Base closings a culprit in state economy
When Californians complain that this state doesn’t receive its share of the federal pie – getting back only about 78 cents in federal spending for every dollar paid in taxes – they are in effect slamming the whole California Congressional delegation.
The latest numbers from the U.S. Census Bureau reveals that California ranked 43rd among the states in per capita federal spending.
A big reason for this is the federal Base Realignment and Closure Commission (BRAC), which presided over two rounds of military base closures in the 1990s and another in 2005.
Another factor bringing down the state’s federal per capita spending rank is that, percentage-wise, Florida, West Virginia and several other states have many more retirees than California drawing Social Security and other federal benefits.
So while pensions paid to Californians average about $2,270 a year (out of $8,784 in federal spending for every man, woman and child in California), in Florida they average about 50 percent higher, $3,404 a person.

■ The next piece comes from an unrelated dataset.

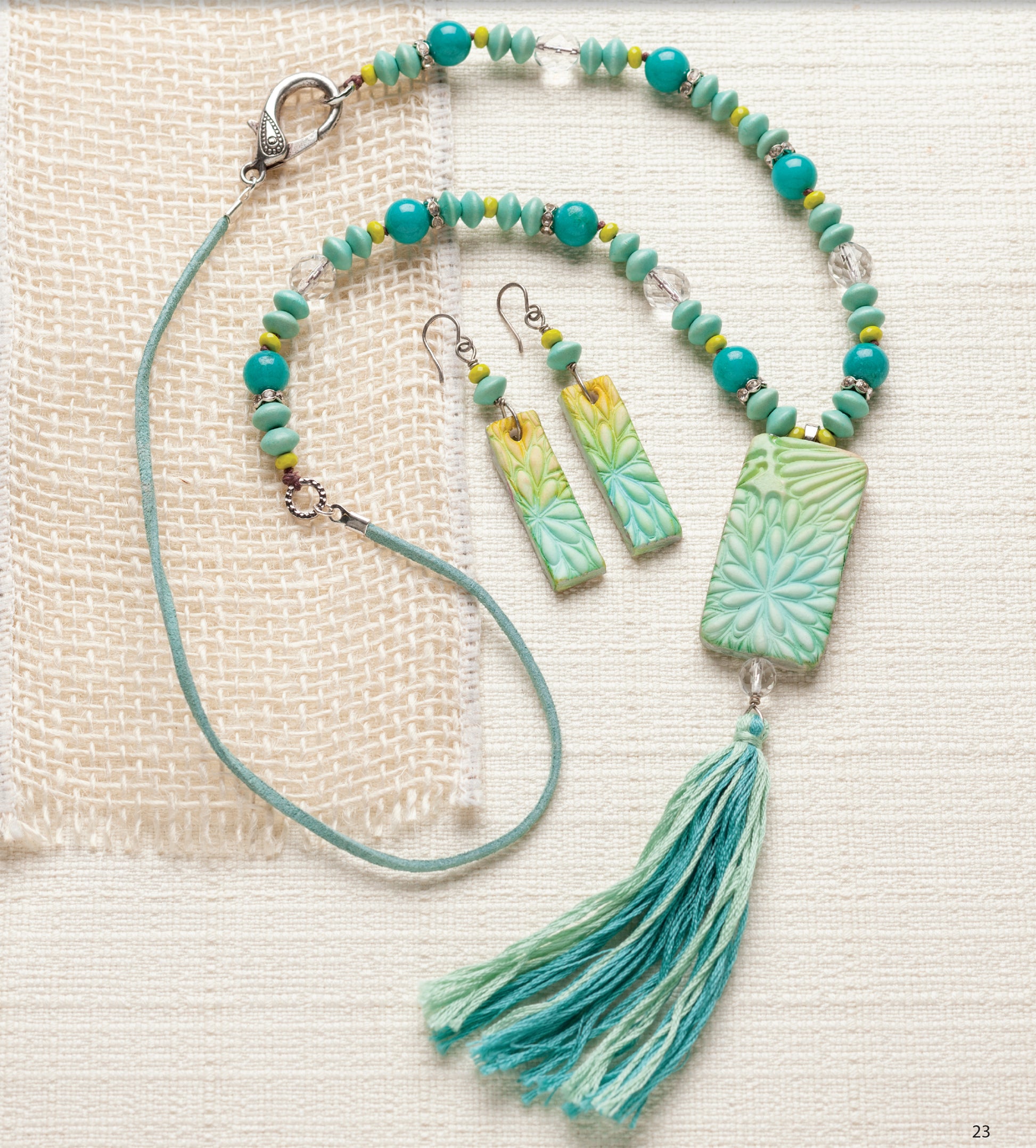 Bold Unique Jewelry by Leisure Arts features a turquoise and green beaded necklace with a floral pendant, matching tassel, and rectangular floral earrings—striking accessories displayed on textured cream fabric.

That’s the only reason Florida ranks 29th in federal spending, 14 places ahead of California.
But the military budget is the biggest reason per capita spending in California ranks so low. This may seem a bit incongruous with California playing host to huge Naval bases in San Diego and neighboring Coronado, the Camp Pendleton Marine Corps complex and Fairfield’s Travis Air Force Base.
But until recently California had many more military bases than today. Among those closed have been the Long Beach Naval Shipyard; the El Toro Marine Air Base in Orange County, three Air Force bases in Riverside, San Bernardino and Sacramento counties; the Presidio of San Francisco and the Army’s training facility at Ft. Ord in Monterey County. All fell victim to BRAC’s cuts, which required yes or no votes on each full package, with no amendments allowed. Those conditions prevented Californians in Congress for doing much to mitigate the slashes.
Because of the base closures, the military spent just $10.3 billion on salaries in California in 2010.
By comparison, military salaries in small-population states such as Alaska ($3.2 billion), Alabama ($3.6 billion), Hawaii ($7.2 billion) and Georgia ($12.5 billion) were far higher on a per capita basis. Texas, with about two-thirds California’s population, saw military salaries of $19.7 billion.
Do you think the extra $9 billion might have had anything to do with Texas’ considerably lower unemployment statistics?
The BRAC decisions also are reflected in federal procurement spending. Without all those closed military bases to supply and support, the military spent far less on food and other items here than it did in many other states.
Without any doubt, the lowered federal spending caused by BRAC contributes significantly to economic problems of many kinds in California. There is less housing demand from military families here than at any time since the start of World War II.
That helps fuel the foreclosure crisis, in turn contributing mightily to unemployment.